I'd like to see Jamie Dimon and Sheila Bair mud-wrestle for it. They could sell tickets and put it on Pay-Per-View. All proceeds could be used to cut the national debt. Several rounds between the gummint and the Octobanks could solve a huge problem for all of us.

Seriously, these banks are acting a bit on the desperate side now. We have BofA being snarky with investors and suing its title insurer. Chase with this nonsense.

I always thought when one company bought out another it purchased all assets and all liabilities. That's why due diligence is required. Sounds like Chase just wants the cream for itself and thinks the rest of us should be forced to drink the sour milk.

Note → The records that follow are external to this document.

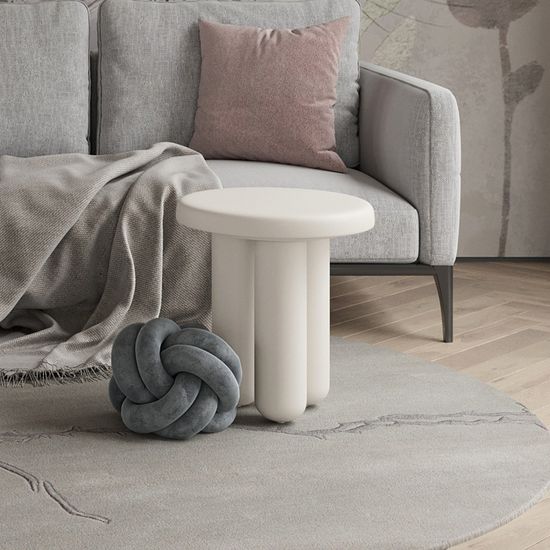 Приставной столик WABI SABI, MOD INTERIORS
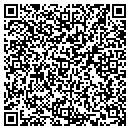 QR code with David Yurman contacts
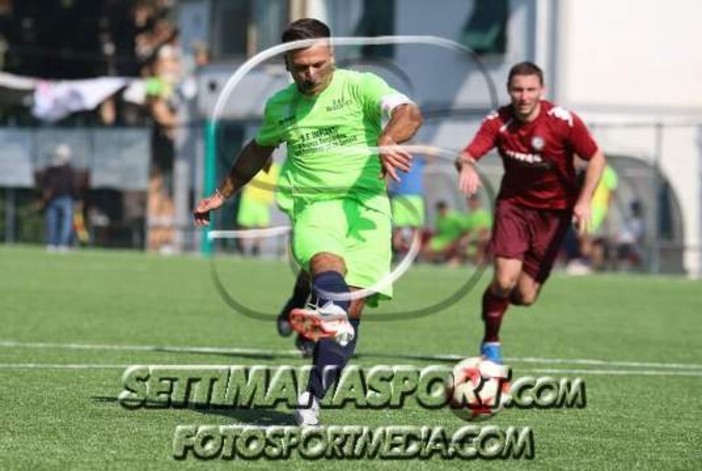 Dassereto del Ravecca Dassereto del Ravecca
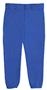 H5 14oz Double Knit Baseball Pants Closeout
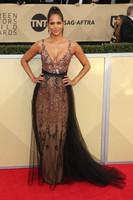 Halle Berry mug #G1428408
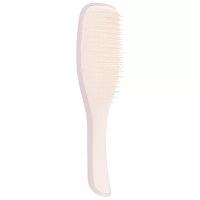 Tangle Teezer Расческа The Wet Detangler Fine & Fragile Pink Whisper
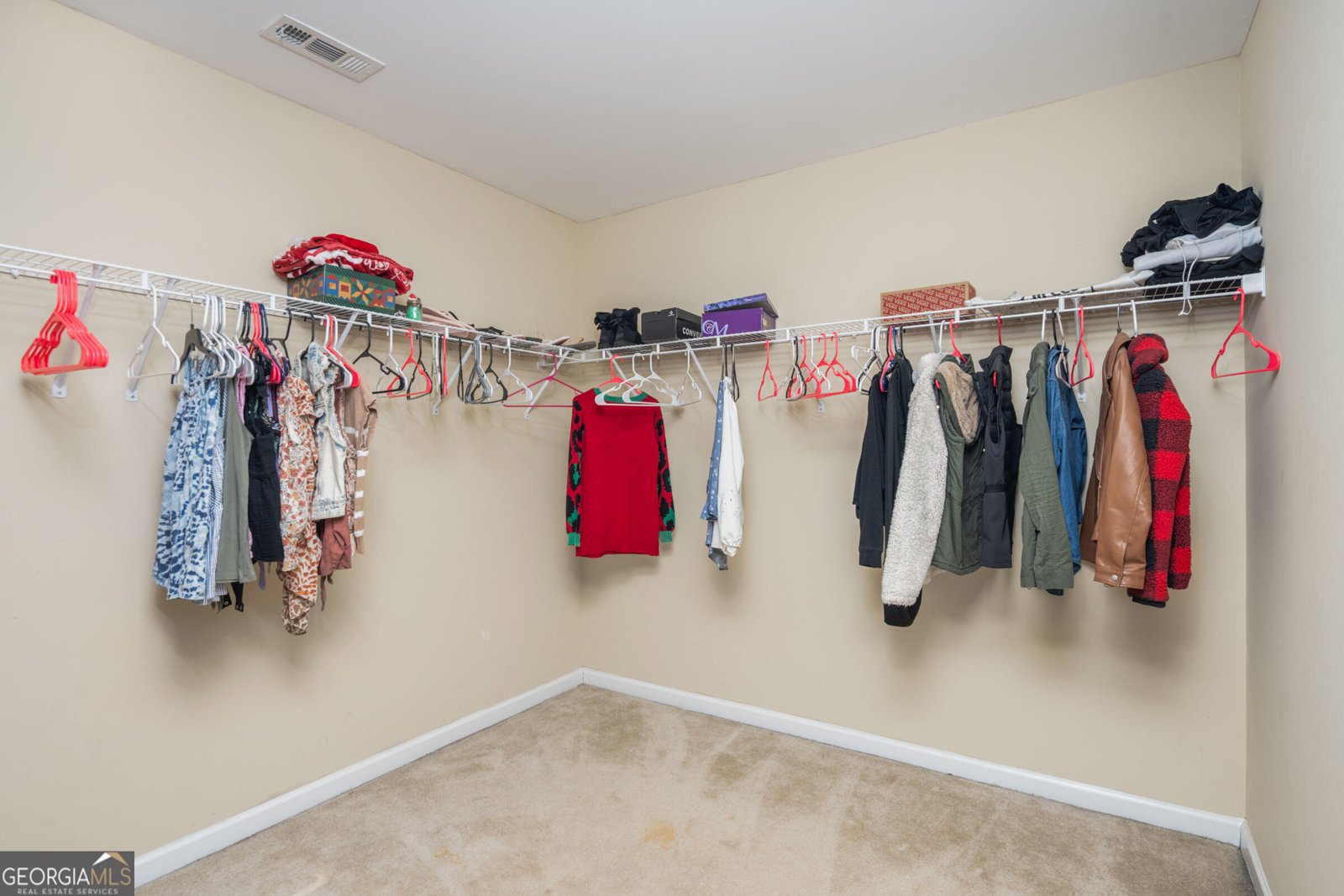 112 Arbor Creek Warner Robins - 39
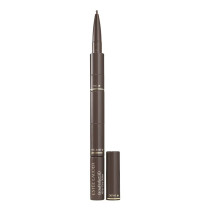 Estee Lauder Browperfect 3D All-In-One Styler, 08 Brunette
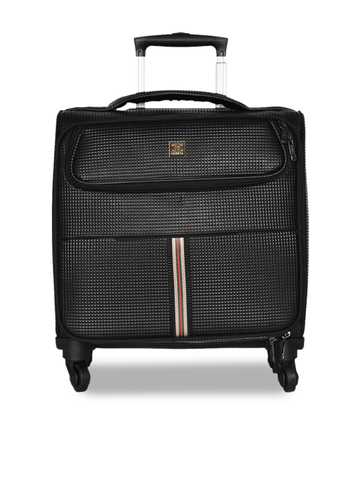 esbeda trolley bags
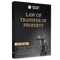 Judiciary Law of Transfer of Property | Complete Guide For Judicial Service Exam Prep | Case Laws, Legal Maxim, In-Depth Coverage of Key Concepts & Detailed Analysis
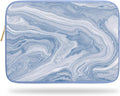 Vandel MacBook Air 13 inch Laptop Sleeve, Fits 13-13.3 inch Laptops: Neoprene by VANDEL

BS on that!

J.P. Morgan, FDIC tangle over responsibility for WaMu liabilities

Federal regulators and J.P. Morgan Chase - which together managed the collapse of Washington Mutual during the frenzied days of the financial crisis - are embroiled in a fight over who should cover billions of dollars from a legal mess that the failed Seattle thrift left behind.

The 2008 implosion of WaMu, as it's commonly known, was the biggest banking failure in U.S. history, prompting the Federal Deposit Insurance Corp. to take over the firm and then orchestrate a shotgun deal for J.P. Morgan to buy the bank for a paltry $1.9 billion.

But the paperwork for the merger was written so hastily over a 48-hour period that it left ambiguous who should cover the cost of WaMu's liabilities.

J.P. Morgan points the finger at the FDIC, saying that it agreed only to take on bank liabilities that were spelled out on WaMu's books during the handoff. The lawsuits weren't, hence, J.P. Morgan has said it is off the hook, according to legal filings.

The FDIC has said J.P. Morgan agreed to buy the bank, both the good and the bad.

The dispute is another reminder of the continuing fallout from the extraordinary - and very rushed - steps taken by the federal government to shore up the financial system as it was teetering on collapse. Decisions were made quickly, and the paperwork sealing massive mergers was signed without spelling out every consequence.

Ultimately, taxpayers could bear the brunt of those hasty actions. Experts say the law may indeed favor J.P. Morgan.